Na minha terra natal, Nova-Cruz (RN), já ouvi gente dizer:
“Estou tão sem sorte, que só falta, agora, um urubu “sujar” na minha cabeça. ”
Se isto acontecer, será moleza demais!!!
Entretanto, na minha adolescência, eu e minhas amigas vibrávamos quando avistávamos um urubu em cima de alguma casa. Um urubu indicava “um gosto”; dois urubus indicavam “dois gostos”. Esse era o tempo da inocência, quando a maldade não tinha nascido. Coisa que não existe nos dias atuais.

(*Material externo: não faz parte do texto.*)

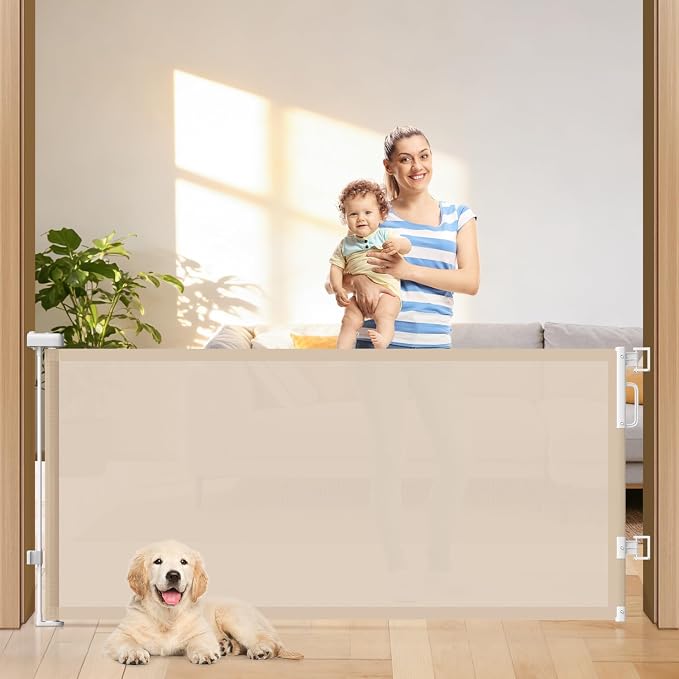 78" Retractable Extra Wide Baby Gates for Doorways, Long Mesh Dog Gate for Large Openings, Indoor Outdoor Pet Gate for Deck Porch Kitchens Hallways, 34" Height, Beige
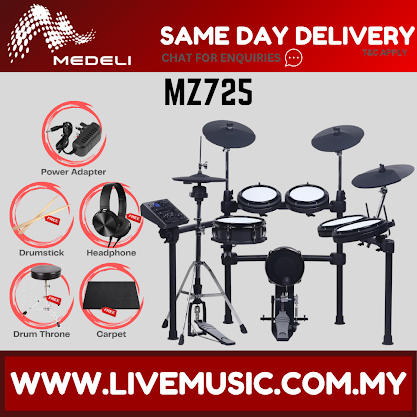 Digital electric drum set kit with stool, multiple drum and cymbal pads
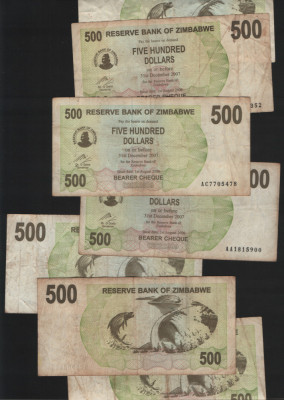 Zimbabwe 500 dollars 2006 F-VF pret pe bucata foto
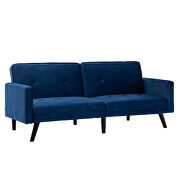 Navy velvet fabric sofa bed sleeper by La Spezia additional picture 13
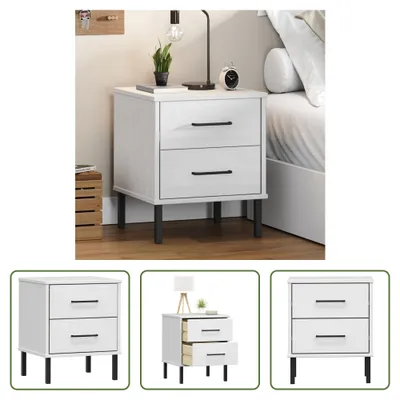 Image de The Living Store Table de chevet OSLO avec pieds métalliques Blanc Pin massif
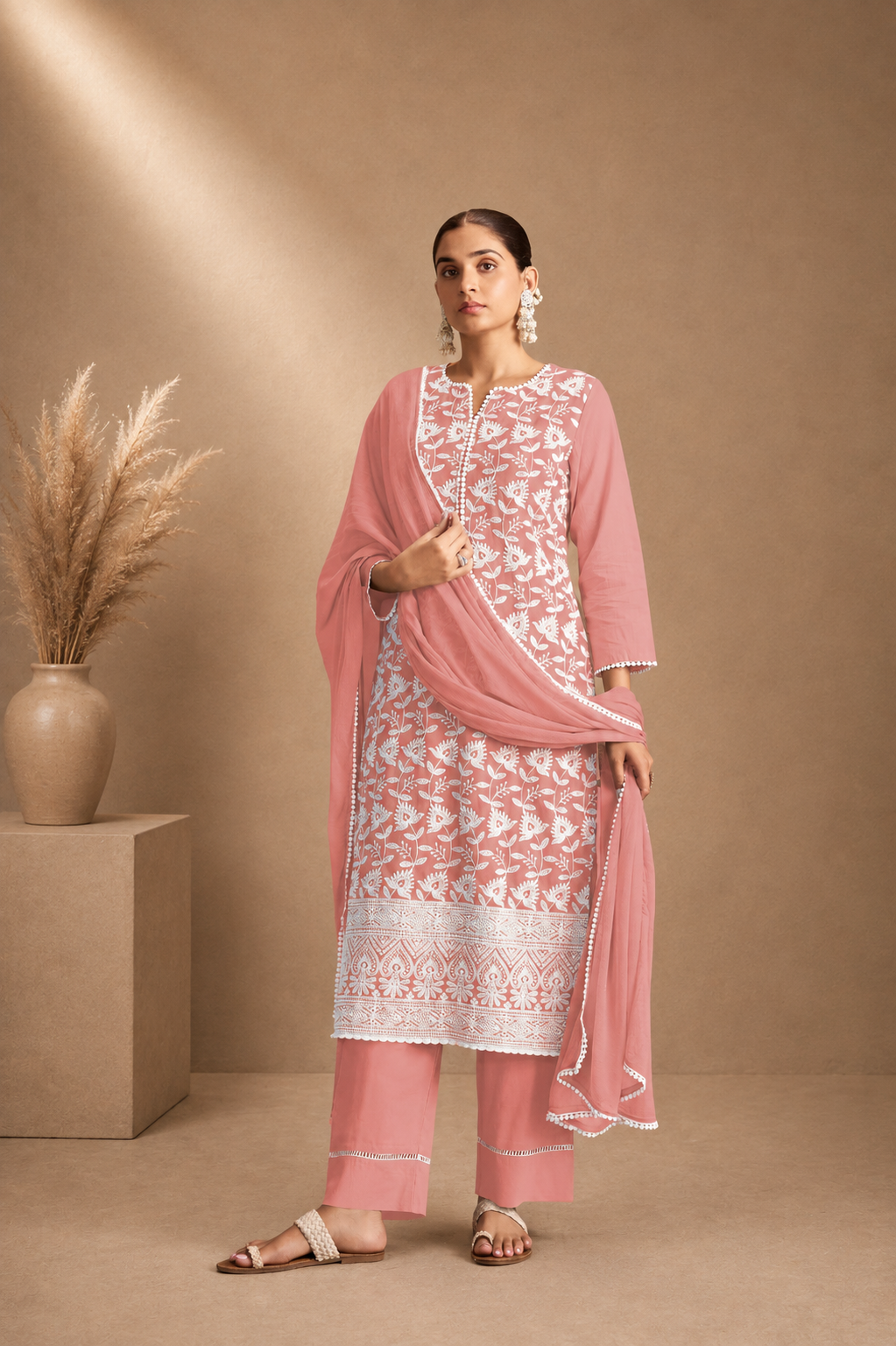 Pure Cotton Schiffli Embroidered Straight Kurta Set with Chiffon Dupatta & Inner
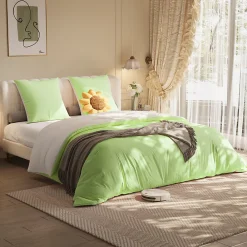 Parure de lit 4 pièces en Polyester, 160 x 200 cm, motif à carreaux esthétique en coton, résistante aux Plis, Vert>ProximaX Clearance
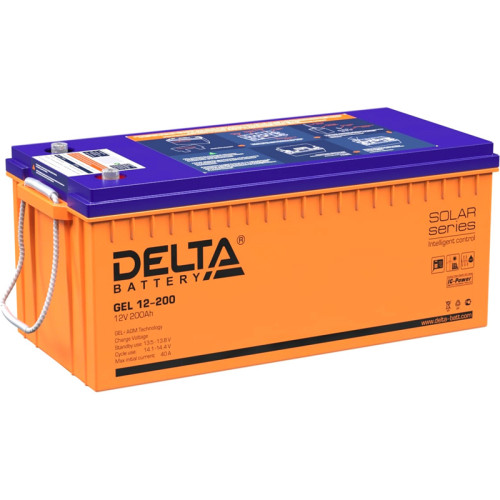 Батарея Vektor Battery серия GEL, GEL 12-200, напряжение 12В, емкость 205 Ач (разряд 10 часов), макс. ток разряда (5 сек.) 2050А, макс. ток заряда 41 А, свинцово-кислотная типа GEL, клеммы M8, ДxШxВ 523x239x218мм., вес 60,3 кг., срок службы 13 лет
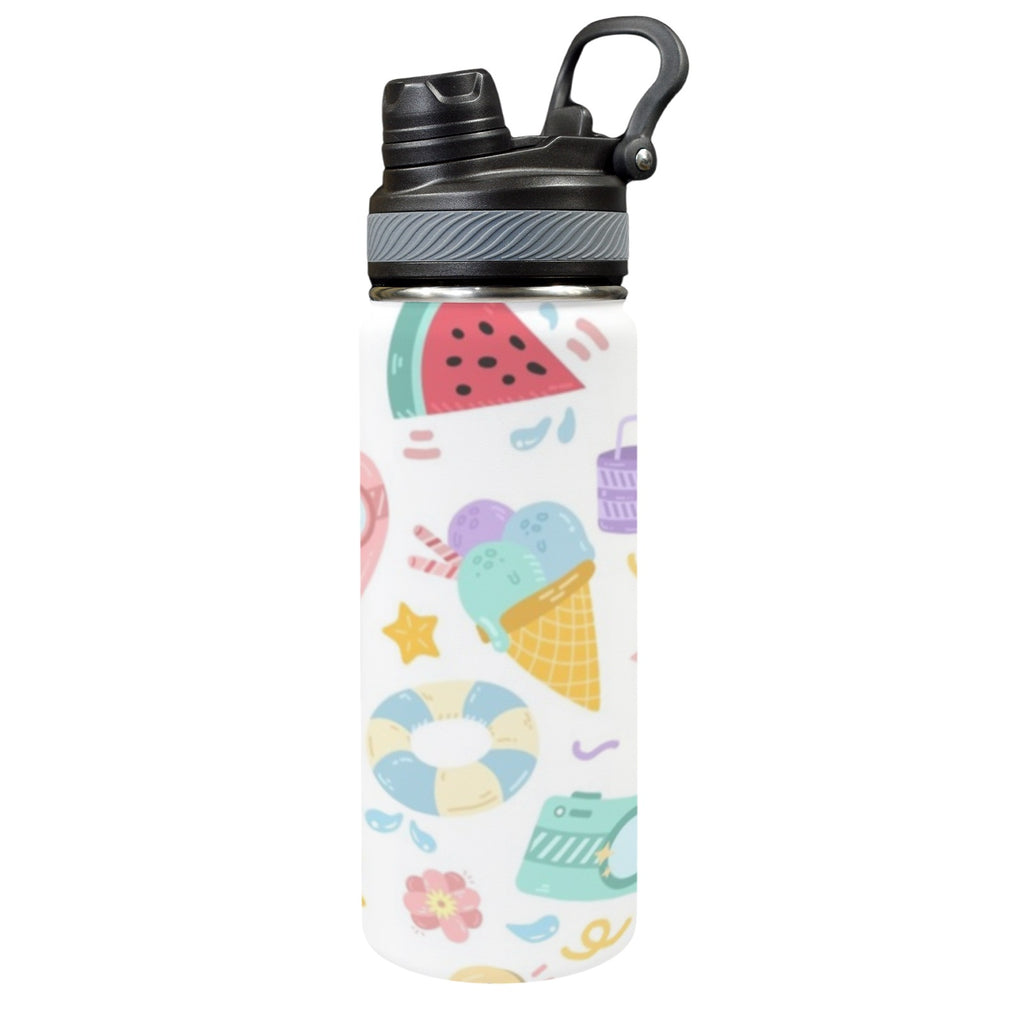 Summer Fun - Insulated Water Bottle with Dual-Use Lid (18oz) One Size Insulated Water Bottle with Dual-Use Lid (18oz) Printed Offshore Summer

Voando sob o céu azul, os urubus apresentam um espetáculo muito bonito: Fazem curvas suaves no espaço. Entretanto, paralelamente, mesmo com curvas suaves no voo, representam um perigo para a aviação. Eles tem sido responsáveis por inúmeros acidentes aéreos, na decolagem e no pouso, momentos críticos dos voos, conforme atestam as estatísticas. Os urubus se aproximam das turbinas dos aviões e são sugados, ou se lançam contra os vidros, como suicidas.
É impossível se cercar o ar ou erguer muralhas no espaço aéreo, pois, afinal, este pertence a todos, inclusive aos urubus.
Existem recursos técnicos, como a fumaça, que diminuiriam o perigo e afastariam os urubus. Mas, eliminá-los completamente é impossível. Outra solução seria deslocar os depósitos de lixo, das proximidades dos aeroportos, o que também é impraticável.
O homem não pode destruir o que foi feito pela natureza.
Cada animal tem a sua parcela de contribuição na preservação do meio ambiente. E a tarefa que cabe aos urubus, é sublime. É coisa divina.